What you will do: Copy the entries word for word. Keep the pictures out.
[[ Data for analysis, beginning ]]
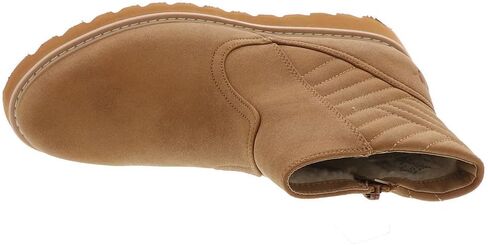 Roxy Jovie Faux Fur II Boots Tan 8 M in Kuwait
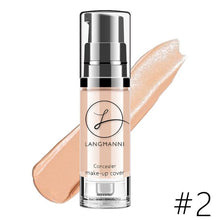 Load image into Gallery viewer, Makeup Liquid Foundation Concealer Whitening Moisturizing Waterproof Oil-control Concealer Cosmetics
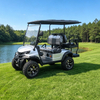 Factory Direct 4-Seater Electric Golf Cart | Off-Road with Cargo Rack | Customizable for Resorts & Scenic Spots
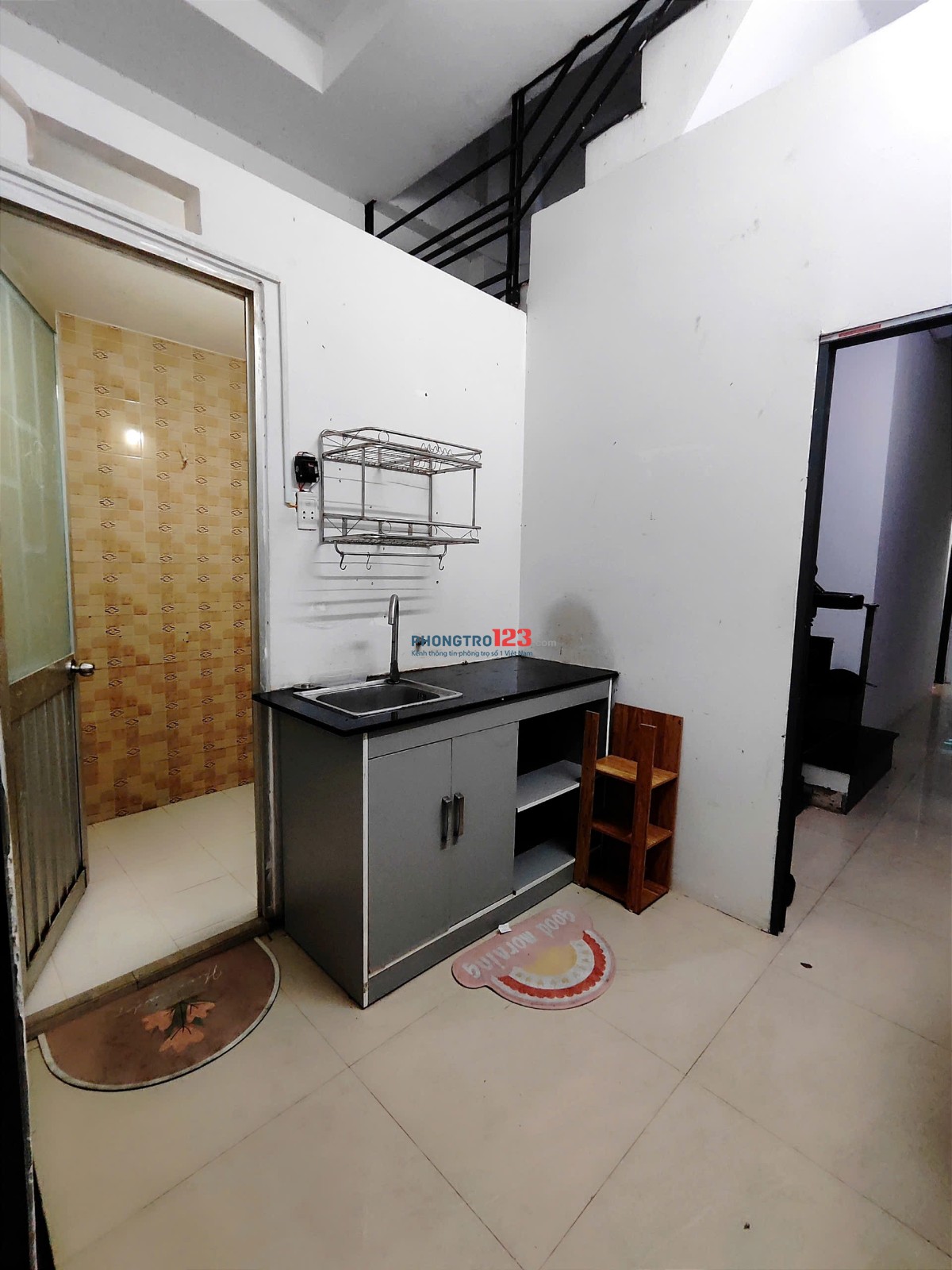 Căn 2 phòng ngủ riêng biệt tách bếp, FULL NỘI THẤT MỚI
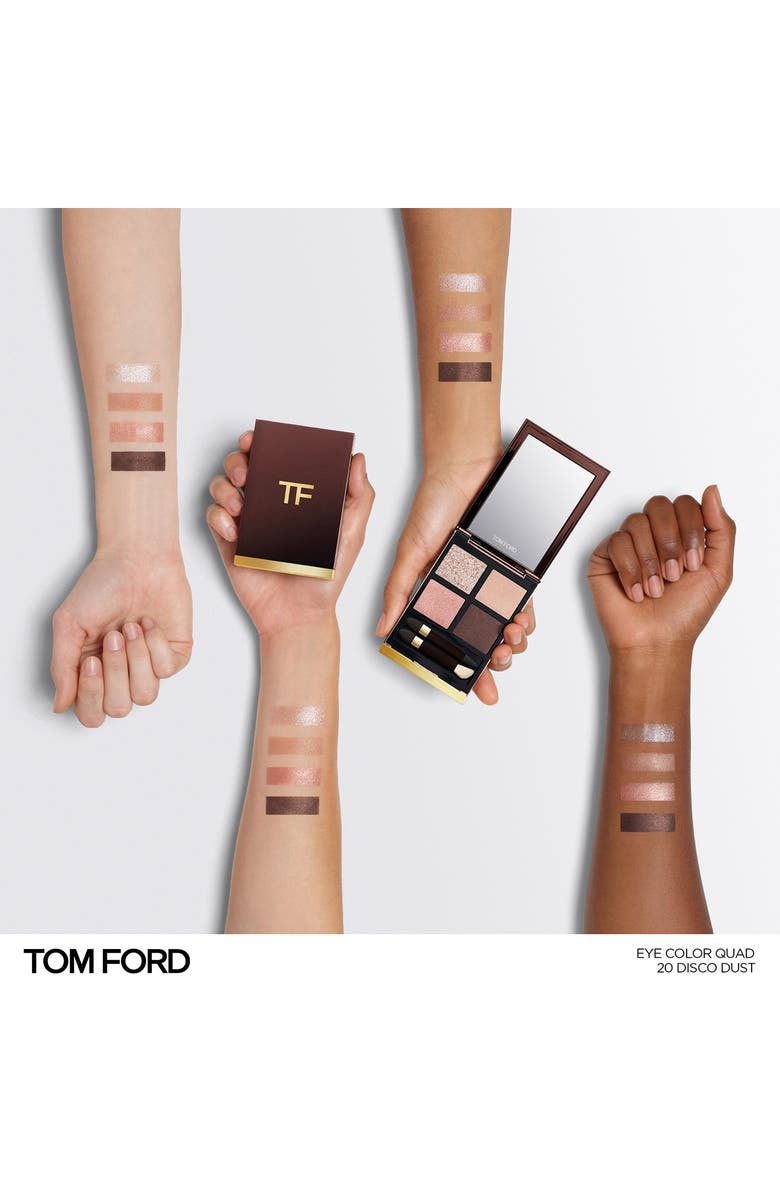 TOM FORD Eye Color Quad Eyeshadow Palette, Alternate, color, Disco Dust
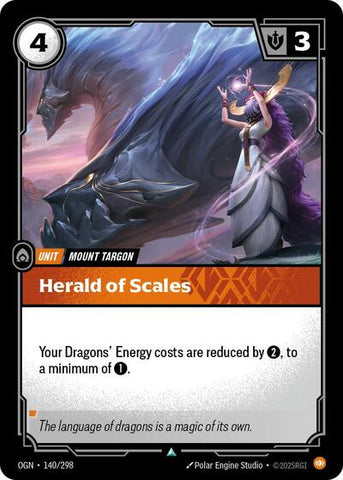 Herald of Scales - Foil (Origins)(OGN-140/298)(U)
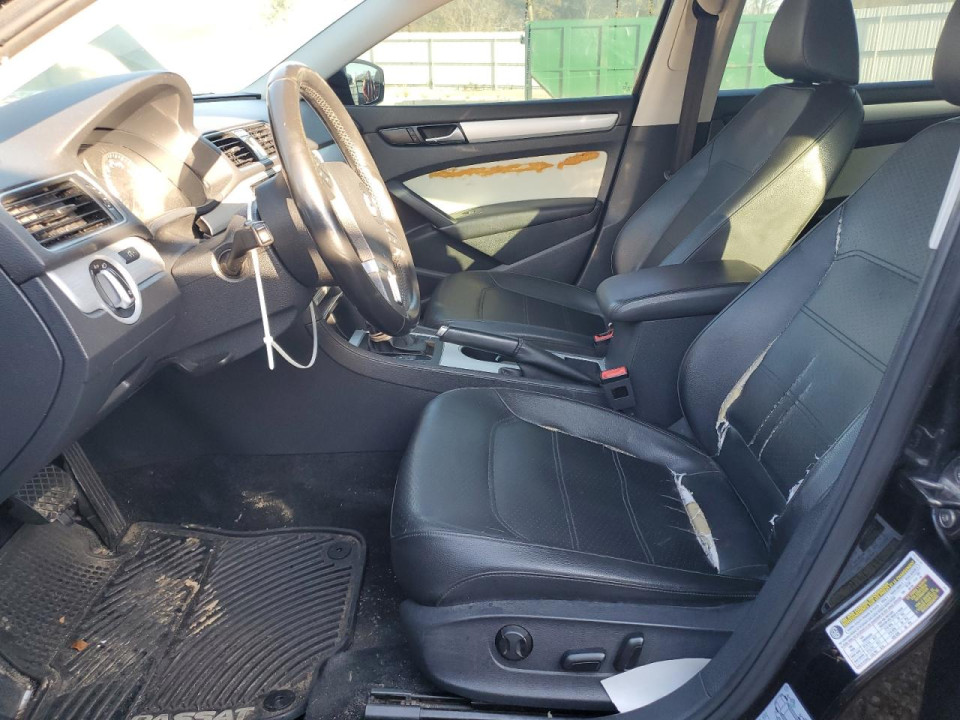 Volkswagen PASSAT 2013 — Copart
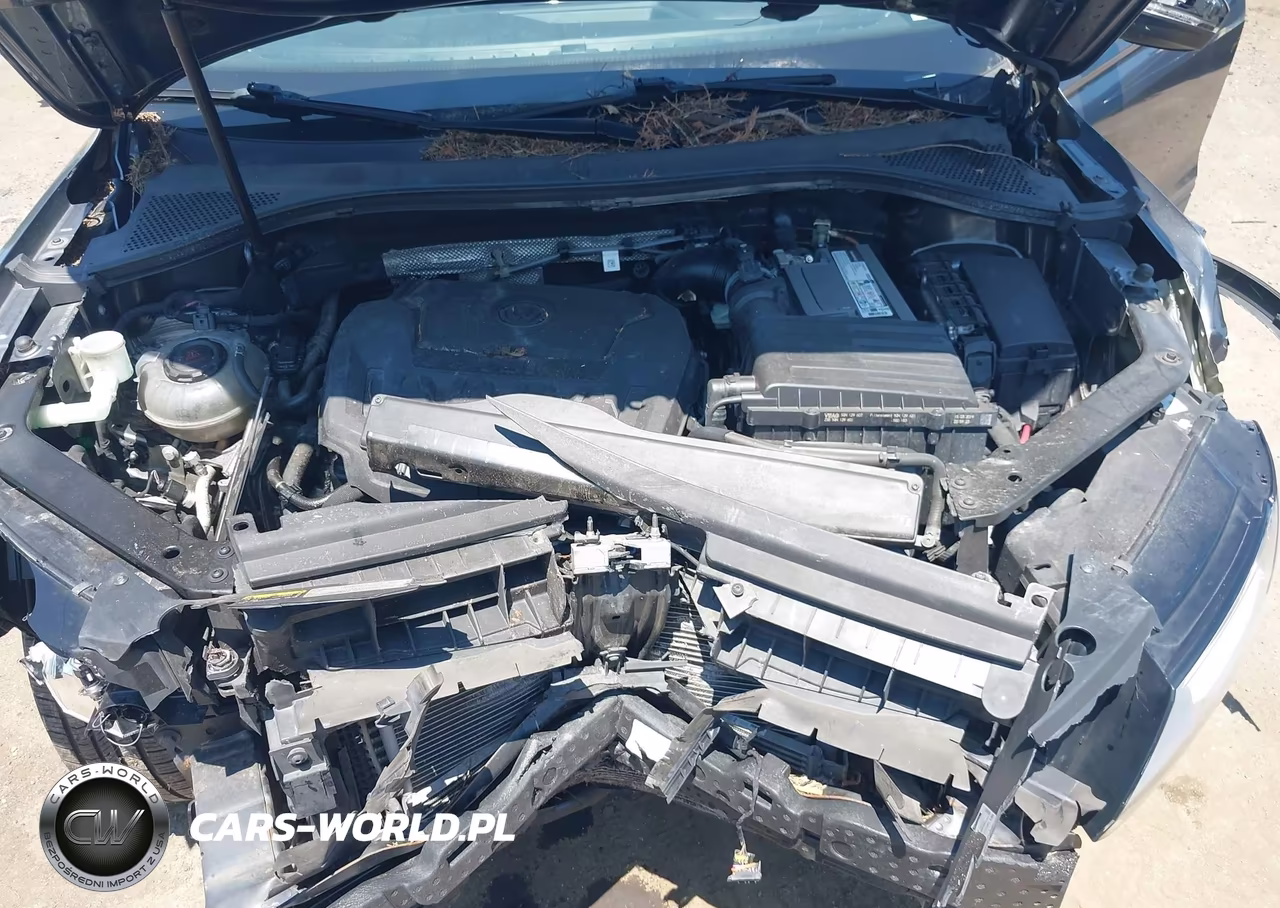 2019 Volkswagen Tiguan 2.0T Se-2.0T Sel-2.0T Sel R-Line-2.0T Sel R-Line Black VIN:3VV2B7AX1KM120088 - 10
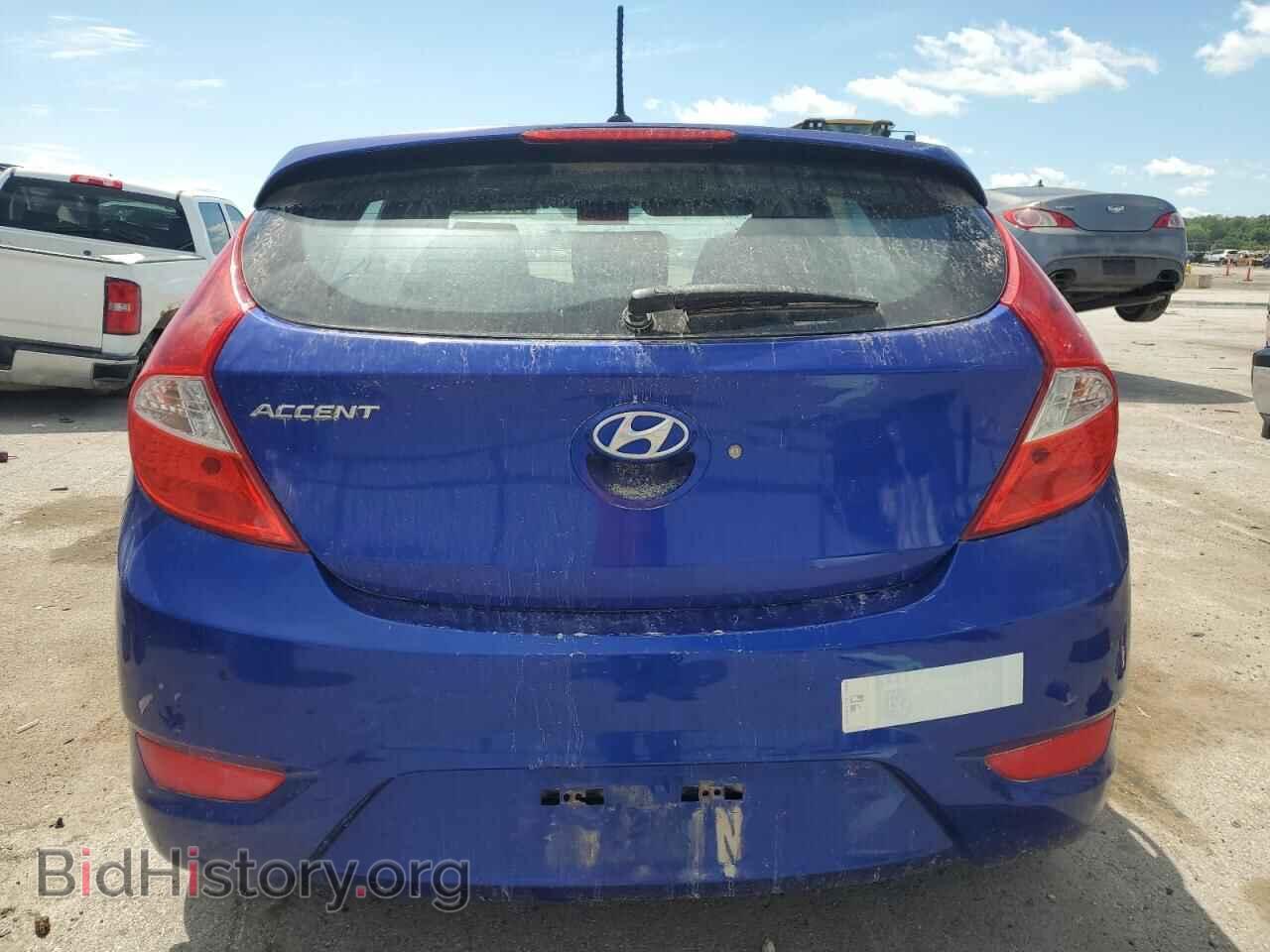 2013 HYUNDAI ACCENT - VIN: KMHCU5AE0DU109612 - Фото 6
[[ Data for analysis, end ]]
Output:
 Roxy Jovie Faux Fur II Boots Tan 8 M in Kuwait
 Load image into Gallery viewer, Makeup Liquid Foundation Concealer Whitening Moisturizing Waterproof Oil-control Concealer Cosmetics
 Factory Direct 4-Seater Electric Golf Cart | Off-Road with Cargo Rack | Customizable for Resorts & Scenic Spots
 Căn 2 phòng ngủ riêng biệt tách bếp, FULL NỘI THẤT MỚI
 TOM FORD Eye Color Quad Eyeshadow Palette, Alternate, color, Disco Dust
 Herald of Scales - Foil (Origins)(OGN-140/298)(U)
 Volkswagen PASSAT 2013 — Copart
 2019 Volkswagen Tiguan 2.0T Se-2.0T Sel-2.0T Sel R-Line-2.0T Sel R-Line Black VIN:3VV2B7AX1KM120088 - 10
 2013 HYUNDAI ACCENT - VIN: KMHCU5AE0DU109612 - Фото 6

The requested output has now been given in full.